In play: When Jacqueline Susann met her long time infatuation Dean Martin, he was so absorbed in reading a comic book that he barely responded to her. She got her revenge by using the incident as the basis for the mentally challenged actor Tony Polar in Valley of the Dolls
“Beyond the Valley of the Dolls”, despite the title, was not a sequel to “Valley of the Dolls”. This piece of dreck was co-written by Roger Ebert.
When Russ Meyer and Roger Ebert were hired a few years later to work on an ill-fated Sex Pistols movie called “Who Killed Bambi?” they were both a little nonplussed to hear Johnny Rotten explain that he liked “Beyond the Valley of the Dolls” because it was so true to life.
Tura Satana played the lead in Russ Meyer’s film of women’s empowerment, Faster, Pussycat! Kill! Kill!. The plot has been called a “loose remake of The Desperate Hours, or possibly The Virgin Spring” by one prominent film critic and a “pop-art setting of Aeschylus’s Eumenides” by one classical scholar.
Rachel Carson was the author of the 1962 book Silent Spring, which was one of the first publications to document the adverse environmental effects caused by the use of pesticides. This, of course, led to much criticism by those in the chemical industry and their supporters. Ezra Taft Benson, former U.S. Secretary of Agriculture, wrote a letter to former President Dwight D. Eisenhower, in which he reportedly concluded that because she was unmarried despite being physically attractive, she was “probably a Communist.”
Woody Allen starred in “The Front”, one of the few movies he didn’t write or direct. The movie is about the communist scare of the 50s, and Woody stars as a front, the public persona of blacklisted writers using his name.
“The Front Page,” a comedic play about newspaper reporters on the police beat, who are covering an execution, was written by two Chicago reporters, Ben Hecht and Charles MacArthur.
The play, which was first produced in 1928, has been revived a number of times, and has also seen adaptions for TV, radio, and film. The film adaptations include “His Girl Friday” (in which the character of Hildy is female), and “Switching Channels” (in which the reporters are modern-day television reporters).

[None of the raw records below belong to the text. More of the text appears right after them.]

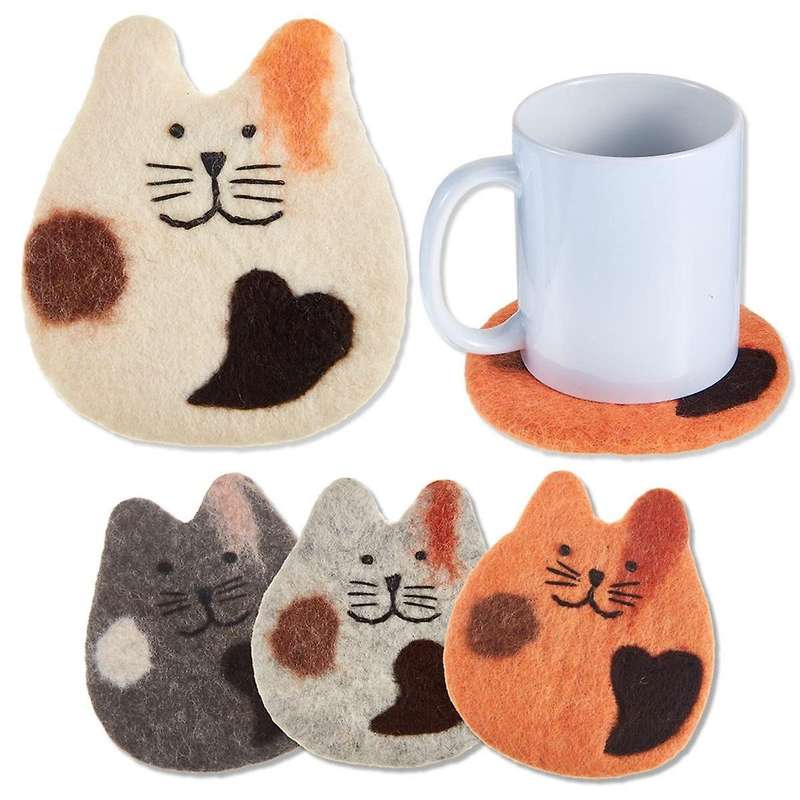 4 Pcs Cat Felt Coasters 5 Inch X 5.5 Inch Cat Shaped Felted Wool Coasters Cute Funny Cat Drink Coast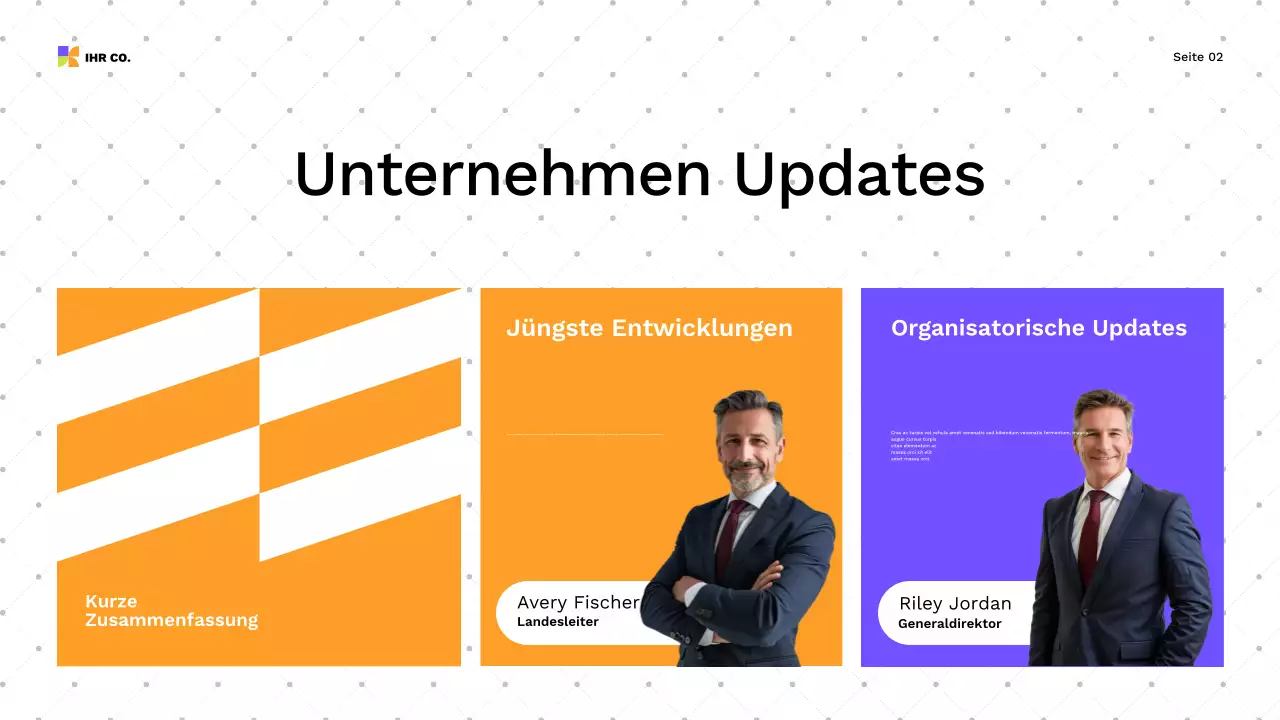 farbenfroher moderner Präsentationsleitfaden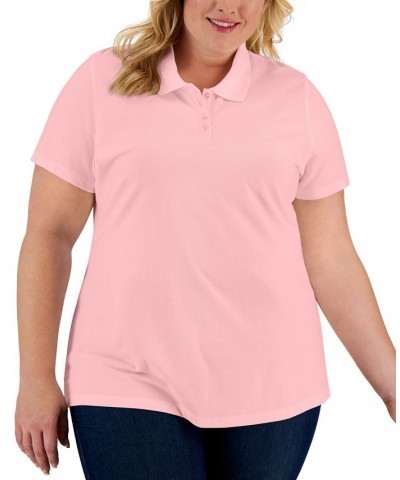 Plus Size Cotton Short-Sleeve Polo Shirt Soft Pink $8.31 Tops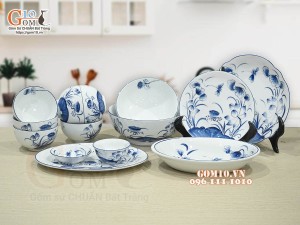 Bộ đồ ăn men trắng vẽ hoa sen tràm, 14 chi tiết 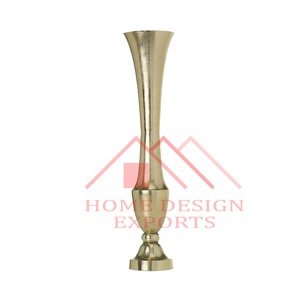 Florero de trompeta dorado superventas 2025, jarrón de suelo, centro de mesa de boda de Metal hecho a mano y decoración de jardín, último diseño - Product Image 3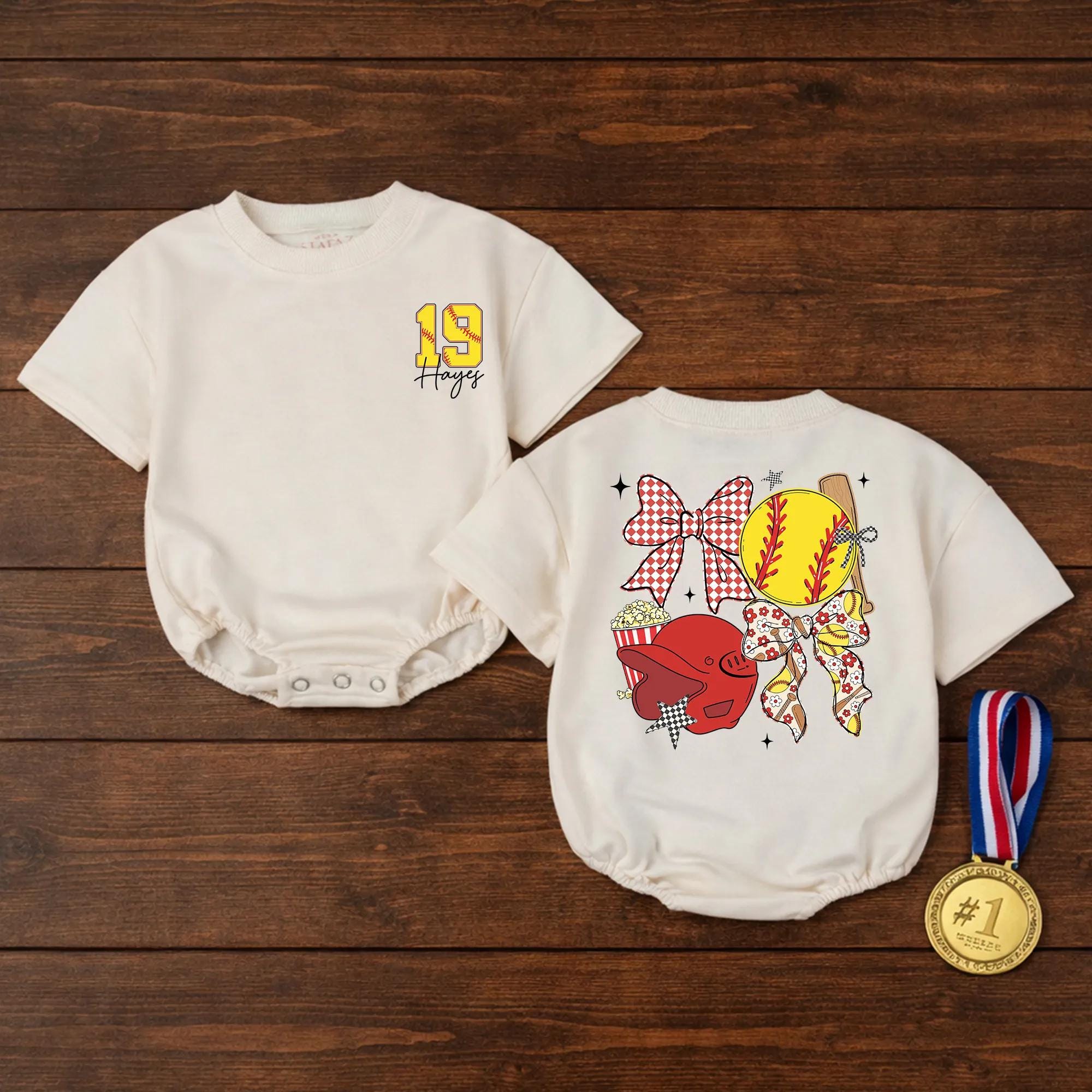 Custom Softball Baby Bubble Romper with Name & Number, Game Day Artwork, Ultra-Soft Cotton for Infant Girls, Perfect for Sports & Milestone Photos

Mary Higgins Clark has written several stories about a husband-and-wife sleuthing team, Henry Parker Britland IV, the 44-year-old former president of the U.S., and his recent bride, plucky congresswoman Sandra (""Sunday’’) O’Brien Britland. Four of them have been published in a collection called My Gal Sunday.

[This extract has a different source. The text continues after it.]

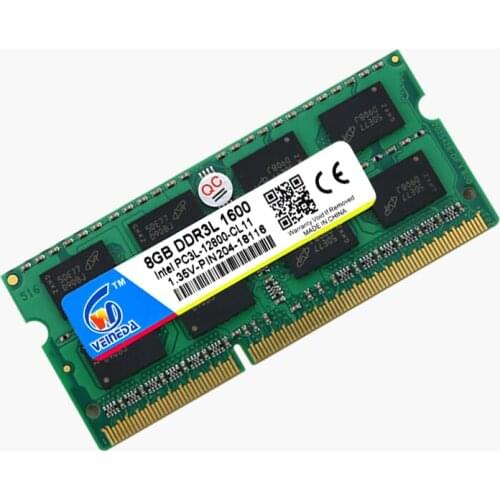 VEINEDA Laptop memory ddr3l 1333 1600MHz 8gb 4gb PC3-12800 1.35V 204PIN Sodimm Ram Compatible Intel Notebook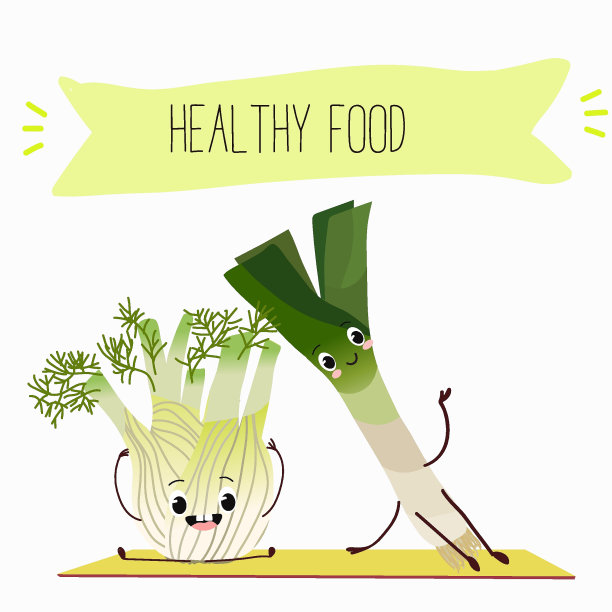 插图与有趣的人物茴香，韭菜，洋葱。有趣又健康的食物。维生素，萌面食品，食材，素食，矢量卡通，农业，绿色植物。图片下载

Nick and Nora Charles (and their dog Asta) are the husband-wife detectives in Dashiell Hammett’s The Thin Man. In the film series, they were played by William Powell and Myrna Loy. The thin man was actually the victim in the novel, not Nick Charles.
Nick and Nora were parodied as Dick and Dora Charleston in the movie, Murder by Death. Other parodied sleuths included Sam Diamond and Jessica Marbles.
Russia is the world’s largest diamond-producing country. Second on the list is Botswana, followed by the Democratic Republic of Congo, Australia, and Canada.
The only active diamond mine in the United States is the Crater of Diamonds Mine near Murfreesboro, Pike County, Arkansas.
Jack Diamond, the infamous mobster supposedly got his moniker ‘Legs’ by being able to escape from his enemies (or maybe from his dancing skills).
In the end, his legs didn’t help him run faster then the bullets speeding toward his skull. His murderer remains unknown although speculation abounds.
Jack Kennedy liked clam chowder and very cold milk, but disliked ice water. When he praised Ian Fleming’s James Bond novels, their sales jumped in the U.S. Kennedy rarely watched a movie through to the end.